Cooking Light, NOVEMBER 2005

Monday, October 11, 2010

Apple Spice Cake

1 1/3 cups vegetable oil
3 cups all-purpose flour
1 tablespoon ground cinnamon
1 teaspoon baking soda
1 teaspoon salt
2 cups sugar
3 large eggs
3 to 4 Granny Smith apples, cored and cut into 1/2-inch pieces (3 cups)
1 cup chopped assorted nuts, such as pecans and walnuts (optional)
1 teaspoon pure vanilla extract
Nonstick cooking spray with flour

Make your favorite caramel sauce


Preheat oven to 350 degrees.

Spray a 12-cup Bundt pan with cooking spray; set aside.

Working over a large sheet of parchment paper, sift together flour, cinnamon, baking soda, and salt; gather sifted ingredients into center of sheet; set aside.

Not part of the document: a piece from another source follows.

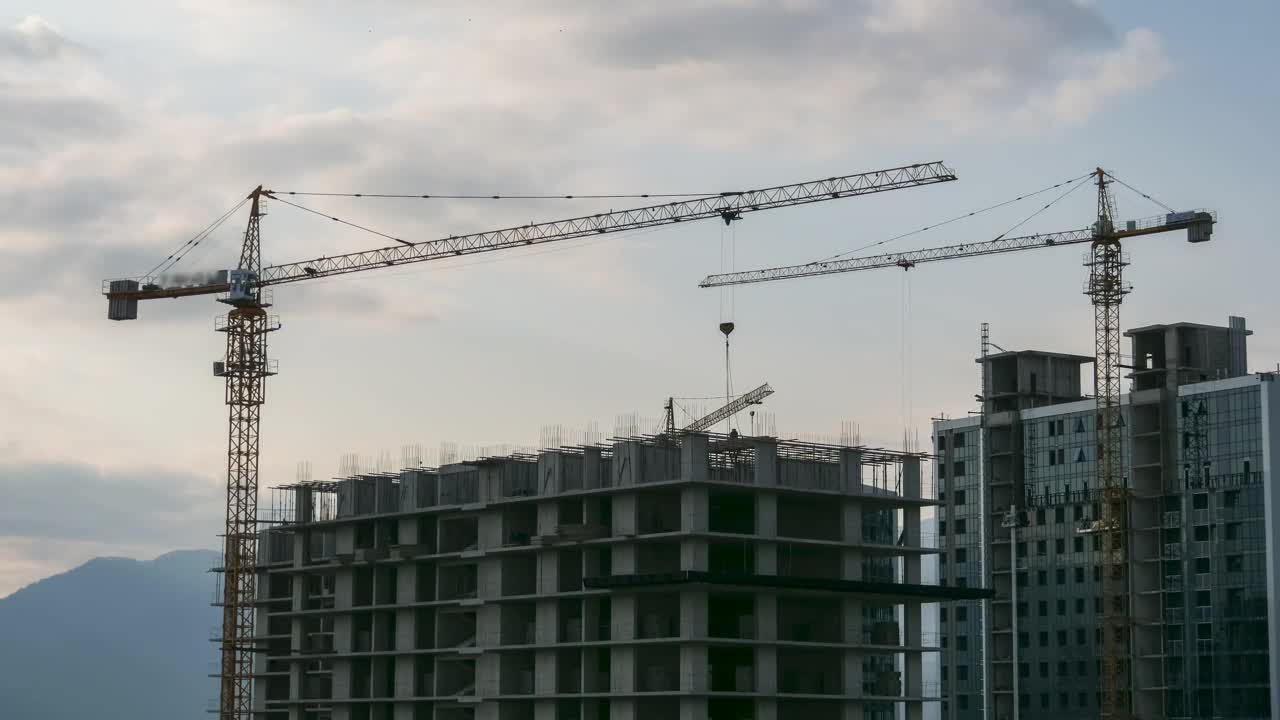 Stock Video Construction Site And Cranes Working Time Lapse Live Wallpaper For PC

In the bowl of an electric mixer fitted with the paddle attachment, combine vegetable oil, sugar, and eggs; mix on high speed until lemon yellow.

Fold reserved parchment in half lengthwise; with mixer on medium speed, gradually shake in dry ingredients until just incorporated.

Add apples and, if desired, nuts, to batter; mix to combine. Add vanilla, mixing until incorporated.

Pour batter into prepared pan, and bake until a cake tester inserted in the center comes out clean, 75 to 90 minutes.

Remove from oven, and cool slightly on a wire rack.

Invert cake onto rack; turn cake right-side up to cool completely on rack, and serve drizzled with caramel sauce.